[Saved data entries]
+===+

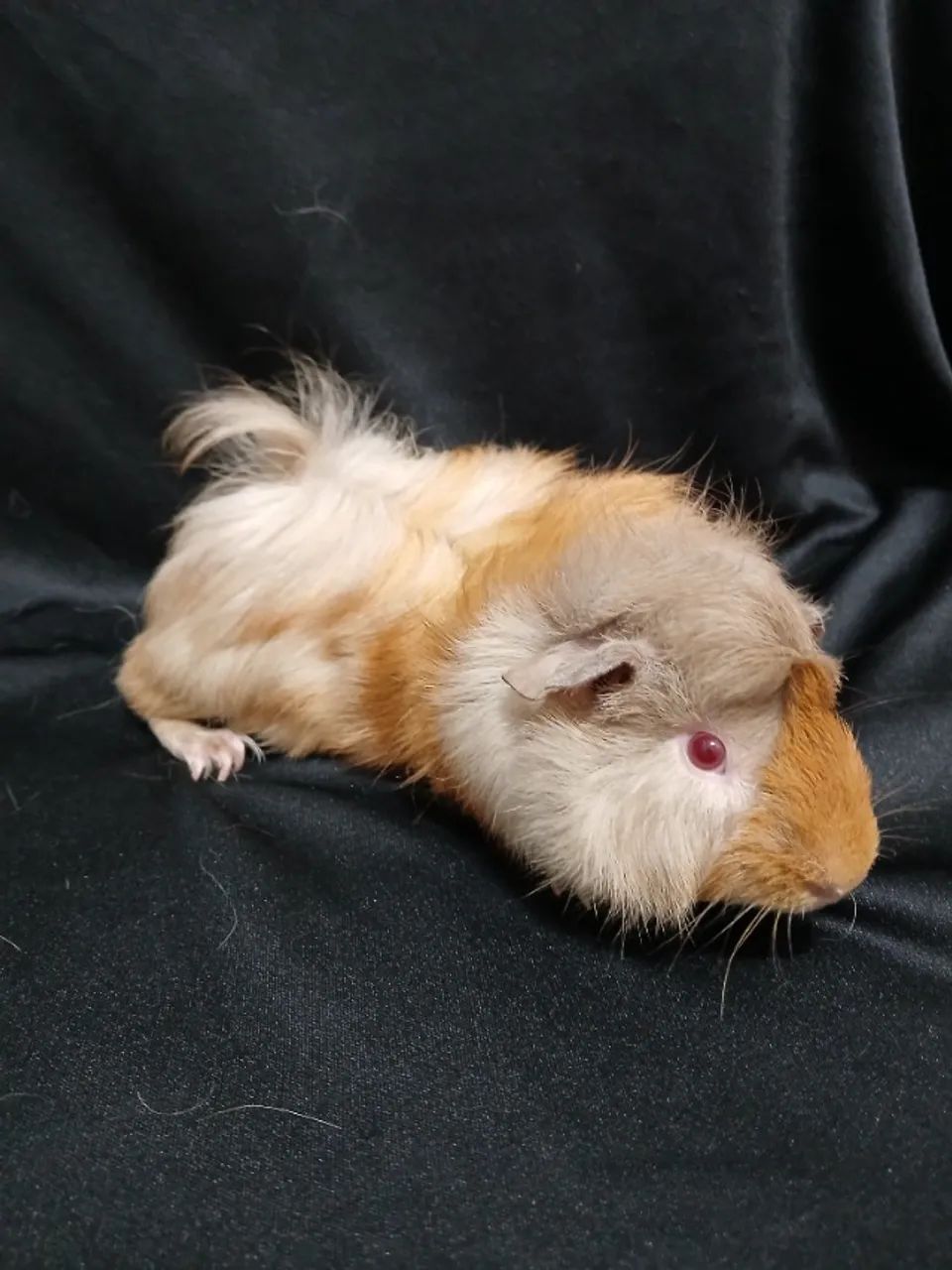 Porquinho da Índia  - Foto 5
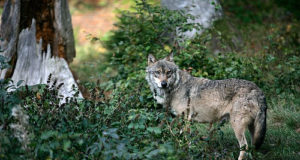 Jahimehed aitavad hundiuuringuks proove koguda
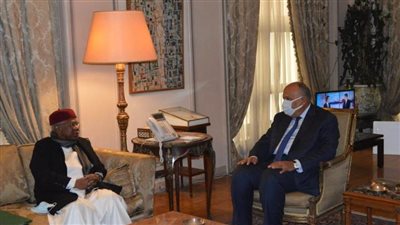 وزير الخارجية يستقبل أمين عام منظمة التعاون الإسلامي الجديد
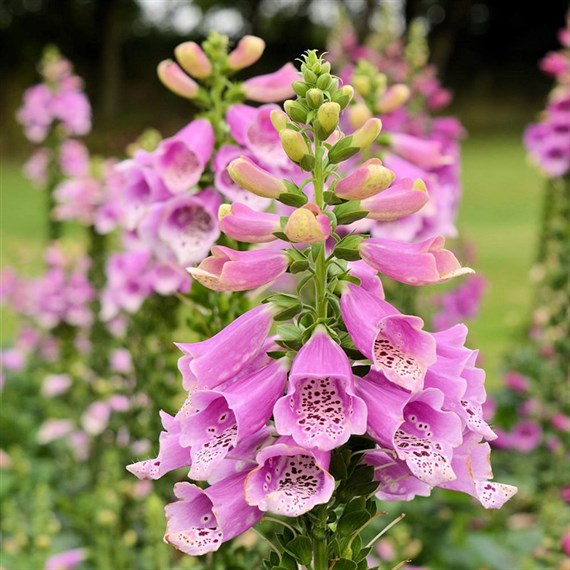 Digitalis Dalmation Rose 5L Pot Bedding
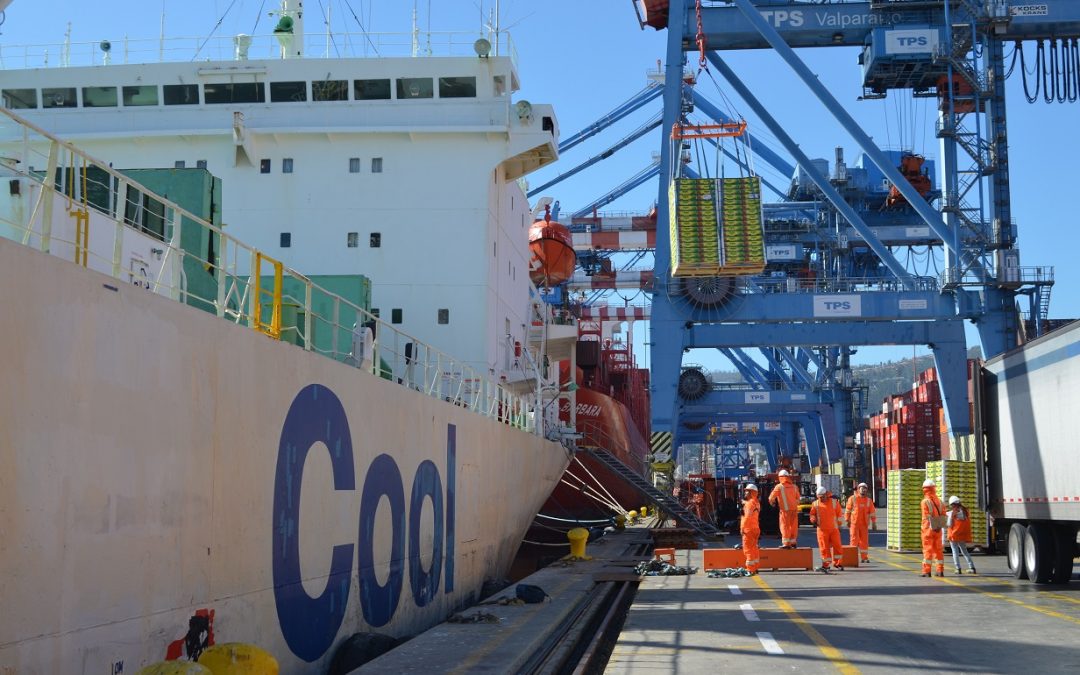 TPS Valparaíso, Cool Carriers y Global Reefers afianzan liderazgo en servicios de naves refrigeradas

+===+

▸ To do
I would like the data above transcribed exactly, with its pictures left out.

▸ Exercise answer
 Porquinho da Índia  - Foto 5
 Jahimehed aitavad hundiuuringuks proove koguda
 وزير الخارجية يستقبل أمين عام منظمة التعاون الإسلامي الجديد
 Digitalis Dalmation Rose 5L Pot Bedding
 TPS Valparaíso, Cool Carriers y Global Reefers afianzan liderazgo en servicios de naves refrigeradas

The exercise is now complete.